* Exercise: With spelling and spacing unchanged, write out each line of the material.

* Data shown:
- - - - - - -

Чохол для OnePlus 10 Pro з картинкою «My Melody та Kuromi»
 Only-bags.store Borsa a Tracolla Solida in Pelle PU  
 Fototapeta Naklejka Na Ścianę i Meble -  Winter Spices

- - - - - - -

* Written answer:
Чохол для OnePlus 10 Pro з картинкою «My Melody та Kuromi»
 Only-bags.store Borsa a Tracolla Solida in Pelle PU  
 Fototapeta Naklejka Na Ścianę i Meble -  Winter Spices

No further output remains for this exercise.